The Political Life of Bella Abzug, 1920-1976: Political Passions, Women's Rights, and Congressional Battles
Alan H. Levy
The Political Life of Bella Abzug, 1920-1976: Political Passions, Women’s Rights, and Congressional Battles
Alan H. Levy
The Political Life of Bella Abzug, 1920-1976: Political Passions, Women’s Rights, and Congressional Battles, by Alan H. Levy, marks the first full biography of Bella Abzug. Abzug was one of woman in politics in mid- and late-twentieth-century America. Levy traces the New York City world of Russian-Jewish immigrants into which Abzug was born.

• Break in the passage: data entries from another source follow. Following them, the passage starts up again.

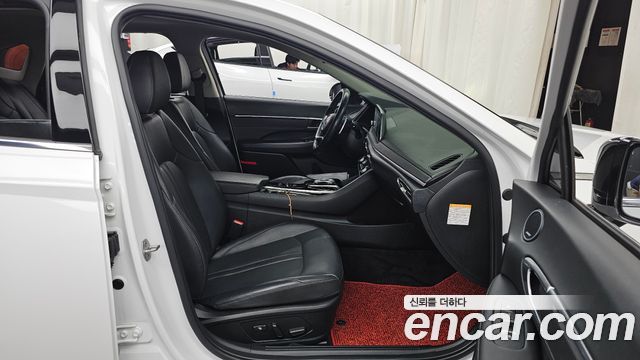 Hyundai Sonata 2023 — photo 11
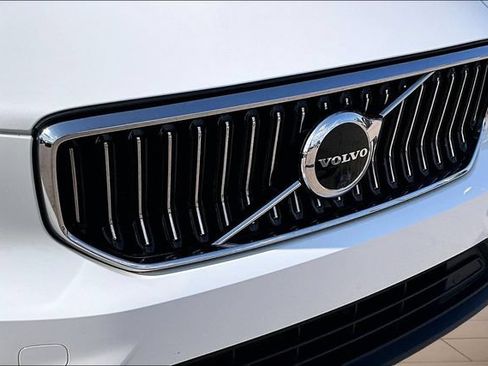 Used 2023 Volvo XC40 B5 Plus w/ Driver Assist Package AWD/4WD image 27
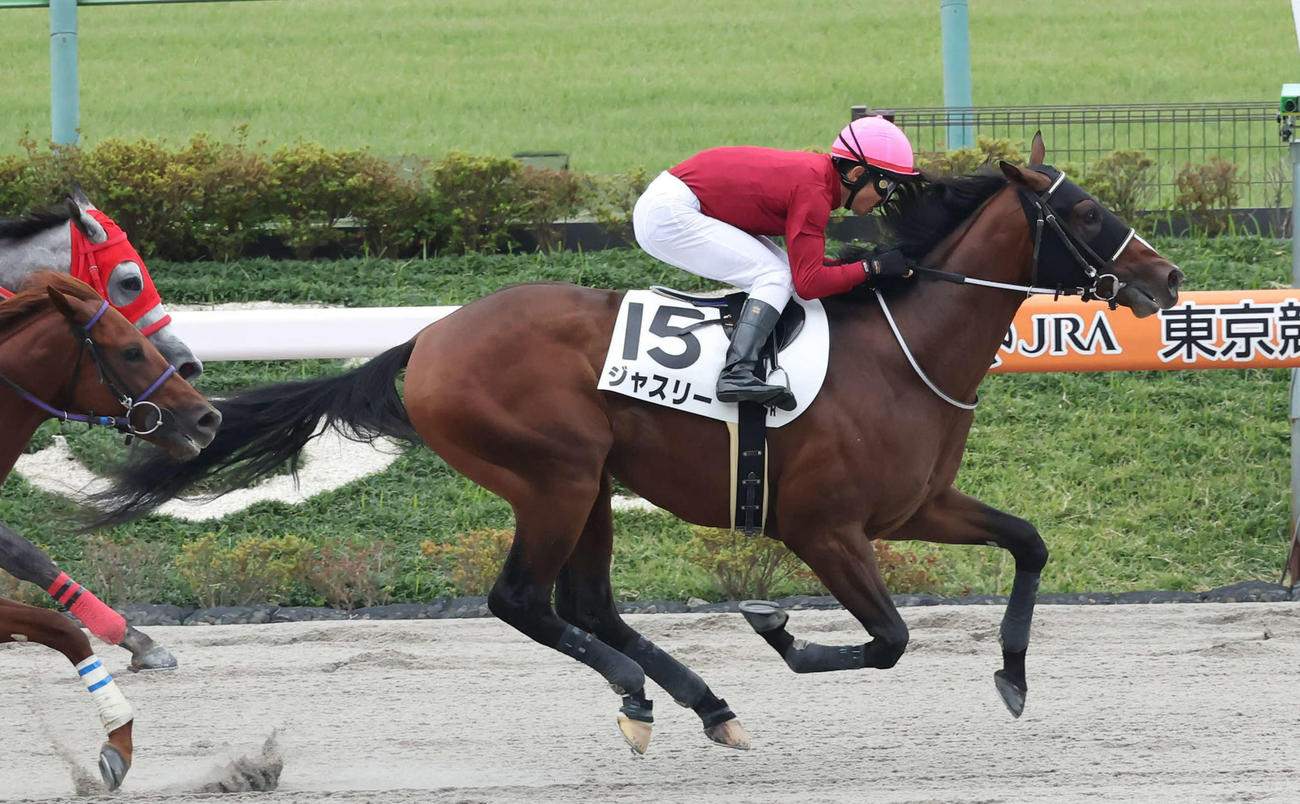 東京6R新馬戦を制したジャスリーと戸崎騎手（右）（撮影・丹羽敏通）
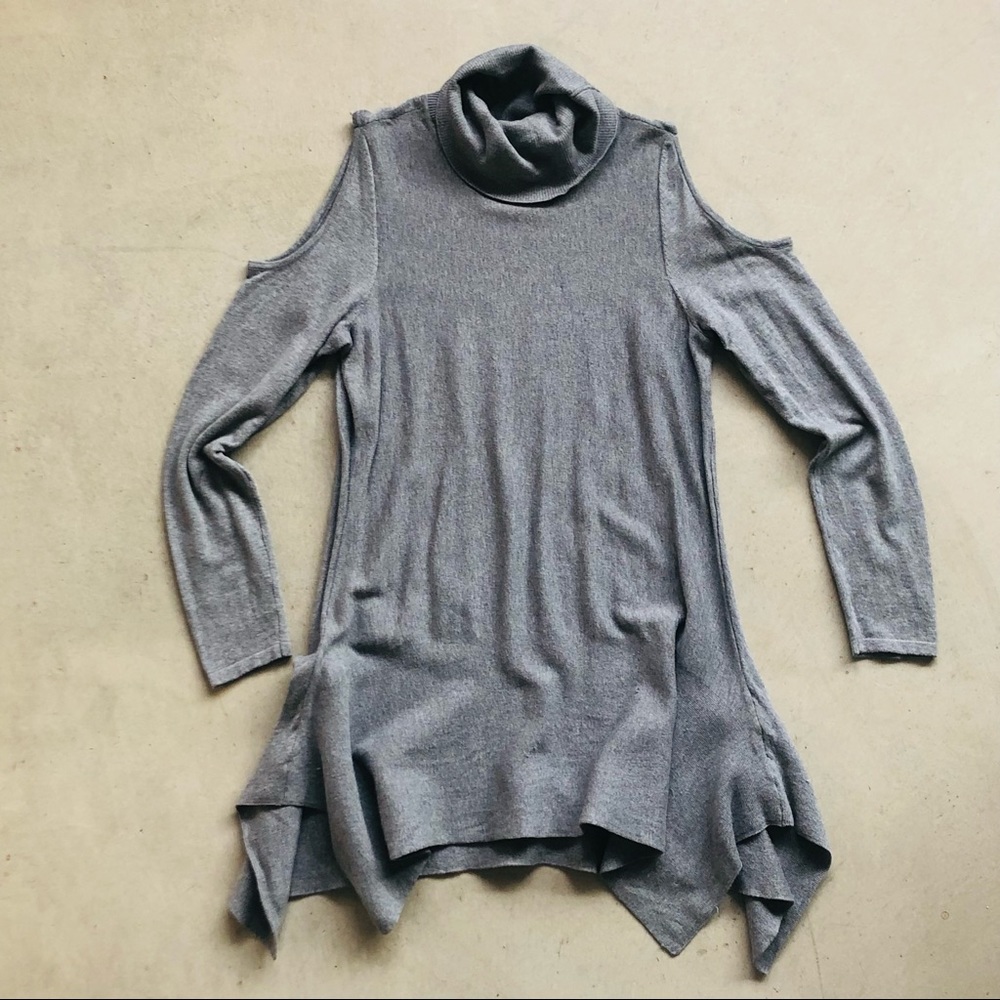 Gray turtleneck sweater - Picture 2 of 7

He then examines her education through Columbia Law School, her marriage, and her early work both as a labor attorney and as an advocate for many controversial causes, including that of an African-American falsely accused of raping a white woman in Jim Crow Era Mississippi. Levy studies Abzug’s work for nuclear disarmament, her activism against the Vietnam War, and her successful bid for Congress in 1970. From there, the biography details the myriad of issues with which Abzug grappled as a Member of Congress from 1971 to 1977, and ends with her close loss to Daniel Patrick Moynihan in a bid for the U.S. Senate in 1976. A second book, studying the rest of Abzug’s life from 1976 to 1998, is to follow.